Swiss Re says premium fall halts and capital has returned
On an inflation-adjusted basis, global insurance premiums contracted by 1.1% to $4,066bn in 2009, which is less than in 2008, when they shrank 3.6%, Swiss Re reports.
Life premiums fell 2% to $2,332bn in 2009, while non-life premiums remained flat at $1,735bn. In most countries (66%), insurance grew faster than GDP, which shows the robustness of the industry, Swiss Re said.
As credit and stock markets recovered in 2009, the industry was able to restore its capital base. Investment results and overall profitability also improved. For 2010, it is expected that overall premium growth will turn positive and profitability and balance sheets will continue to improve.
No shortage of capacity
During the financial crisis, the insurance industry continued to provide cover and pay claims. There was no shortage of capacity and premium rates did not increase. Unlike the banking sector, insurers did not receive government support in the form of capital or guarantees, except in a few cases.
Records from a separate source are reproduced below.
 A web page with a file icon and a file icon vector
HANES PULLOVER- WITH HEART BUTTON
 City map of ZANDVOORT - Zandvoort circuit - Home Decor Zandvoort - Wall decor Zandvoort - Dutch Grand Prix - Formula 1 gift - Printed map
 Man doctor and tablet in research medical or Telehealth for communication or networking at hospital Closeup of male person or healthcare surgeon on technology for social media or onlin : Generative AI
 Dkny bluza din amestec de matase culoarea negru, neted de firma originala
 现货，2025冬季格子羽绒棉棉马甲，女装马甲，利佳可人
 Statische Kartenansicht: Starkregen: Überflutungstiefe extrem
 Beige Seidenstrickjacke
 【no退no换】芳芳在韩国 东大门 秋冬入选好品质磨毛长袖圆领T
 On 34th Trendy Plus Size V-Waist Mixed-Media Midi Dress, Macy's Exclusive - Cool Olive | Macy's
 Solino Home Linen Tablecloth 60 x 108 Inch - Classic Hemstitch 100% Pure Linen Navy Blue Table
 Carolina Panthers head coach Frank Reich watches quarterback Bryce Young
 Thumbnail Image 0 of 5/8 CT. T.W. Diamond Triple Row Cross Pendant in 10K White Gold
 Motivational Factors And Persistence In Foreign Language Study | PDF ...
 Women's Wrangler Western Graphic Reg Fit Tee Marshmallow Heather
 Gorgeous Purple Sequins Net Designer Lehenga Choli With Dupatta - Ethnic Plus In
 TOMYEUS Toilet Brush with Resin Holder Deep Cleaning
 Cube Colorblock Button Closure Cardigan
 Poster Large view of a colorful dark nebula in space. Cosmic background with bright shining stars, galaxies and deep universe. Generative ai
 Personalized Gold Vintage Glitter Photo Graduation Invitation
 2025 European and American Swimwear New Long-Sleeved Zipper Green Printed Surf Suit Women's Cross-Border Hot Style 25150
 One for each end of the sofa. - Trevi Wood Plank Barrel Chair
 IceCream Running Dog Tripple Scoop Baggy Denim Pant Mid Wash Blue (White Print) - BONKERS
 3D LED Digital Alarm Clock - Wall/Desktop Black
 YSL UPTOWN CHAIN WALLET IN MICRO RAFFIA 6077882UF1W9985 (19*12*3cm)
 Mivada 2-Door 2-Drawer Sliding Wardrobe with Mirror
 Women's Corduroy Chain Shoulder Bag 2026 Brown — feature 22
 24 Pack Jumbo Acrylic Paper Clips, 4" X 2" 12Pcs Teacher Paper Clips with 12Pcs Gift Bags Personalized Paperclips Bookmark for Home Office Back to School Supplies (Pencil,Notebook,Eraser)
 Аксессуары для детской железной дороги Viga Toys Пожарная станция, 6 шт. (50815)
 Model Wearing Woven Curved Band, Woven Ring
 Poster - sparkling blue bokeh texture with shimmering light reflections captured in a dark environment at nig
During the crisis, non-life insurance was not significantly impacted. Despite losses on the investment side, insurers had more than enough capacity to meet demand.
Non-life premiums remained stable in 2009, falling just 0.1%. While non-life premiums fell in the US and Europe, they rose in the other regions. Given the sharp drop in GDP, this is a remarkable result, Swiss Re said.
Combined ratios
But combined ratios show that underwriting results have further weakened. In 2009, underwriting results in non-life turned negative, despite lower natural catastrophe losses and lower losses related to the US financial guarantee business, which had hurt underwriting results in 2008.
Lower prices in non-life hurt profitability in 2009. But overall profitability improved due to the recovery of credit and equity markets. Shareholders' capital also made a strong recovery. In many countries, capital had almost returned to its pre-crisis levels.
Non-life premium growth in the industrialised countries is gradually expected to rise. The continued pressure on rates will hamper profitability and limit premium growth. As interest rates are likely to stay low in 2010, investment returns will be adversely affected. Overall profitability and return on equity (ROE) will be below average.
This study is based on information from 159 countries.